[Recorded information Boundary: Start]

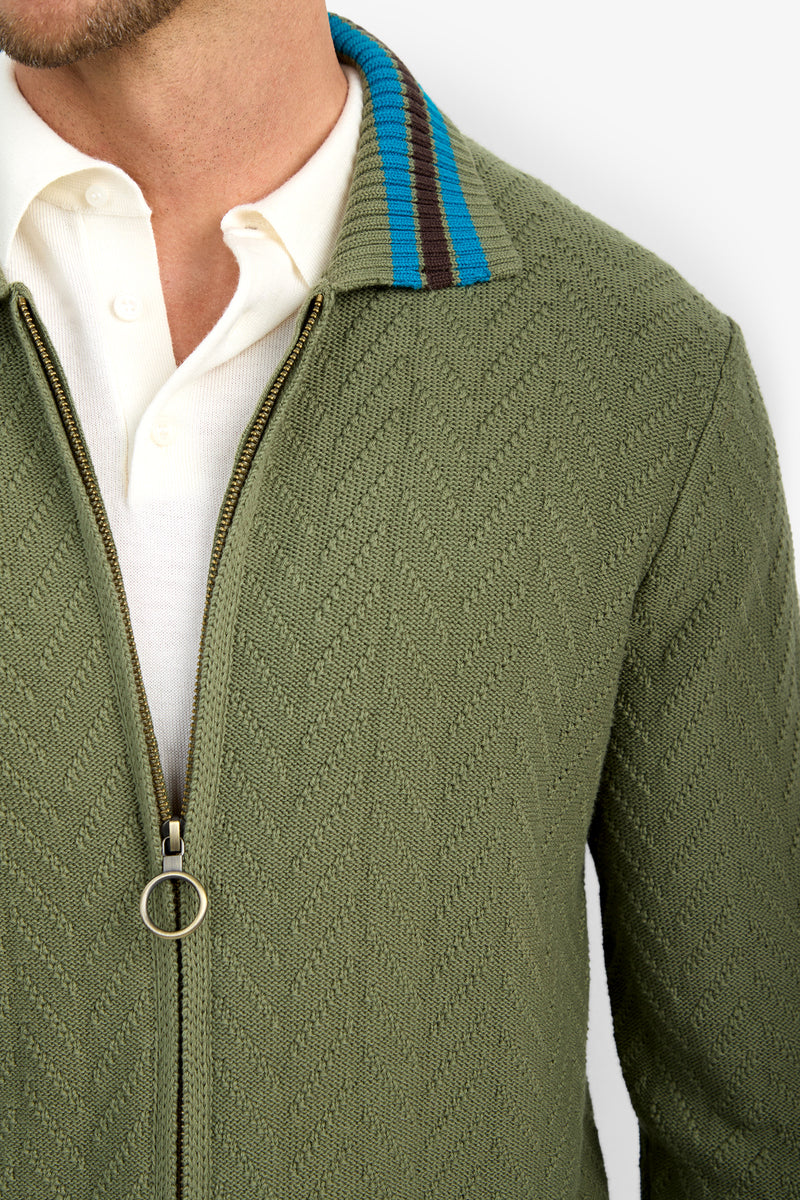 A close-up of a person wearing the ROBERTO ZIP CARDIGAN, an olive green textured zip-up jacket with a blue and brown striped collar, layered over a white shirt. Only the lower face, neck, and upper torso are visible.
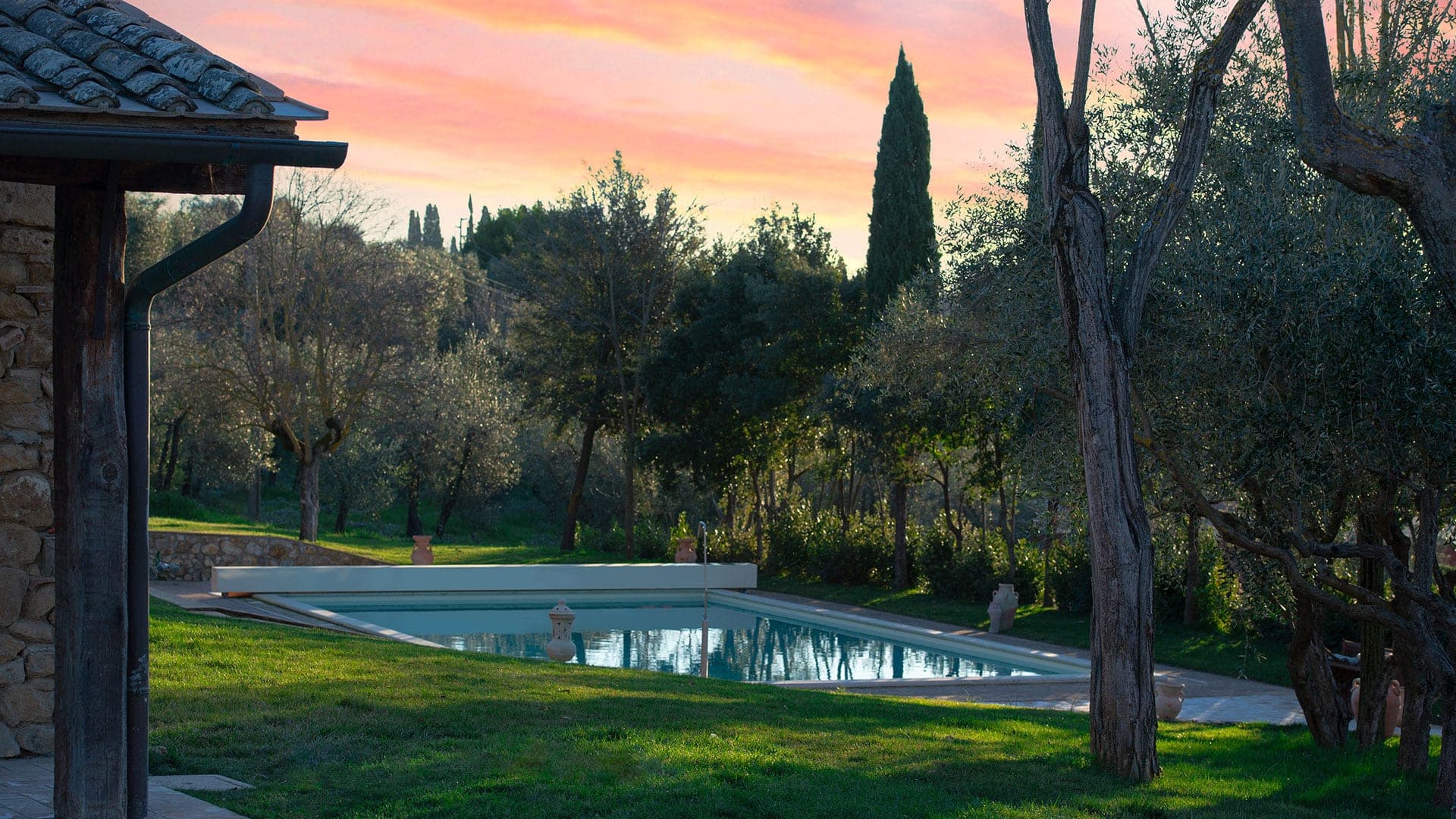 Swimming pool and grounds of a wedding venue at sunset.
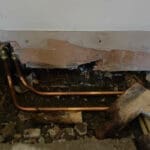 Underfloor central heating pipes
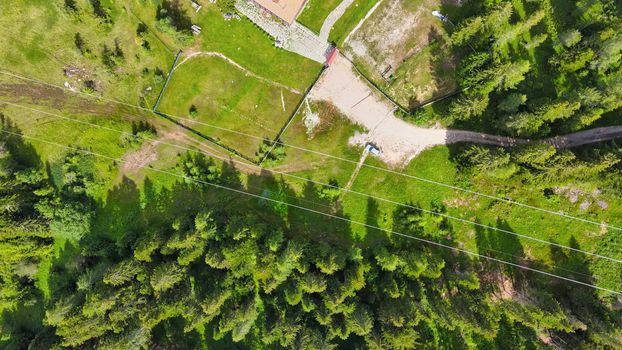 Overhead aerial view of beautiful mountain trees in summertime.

[Recorded information Boundary: End]

Exercise instructions:
Return the material as it stands. Leave out the pictures.

Answer for this exercise:
 A close-up of a person wearing the ROBERTO ZIP CARDIGAN, an olive green textured zip-up jacket with a blue and brown striped collar, layered over a white shirt. Only the lower face, neck, and upper torso are visible.
 Swimming pool and grounds of a wedding venue at sunset.
 Underfloor central heating pipes
 Overhead aerial view of beautiful mountain trees in summertime.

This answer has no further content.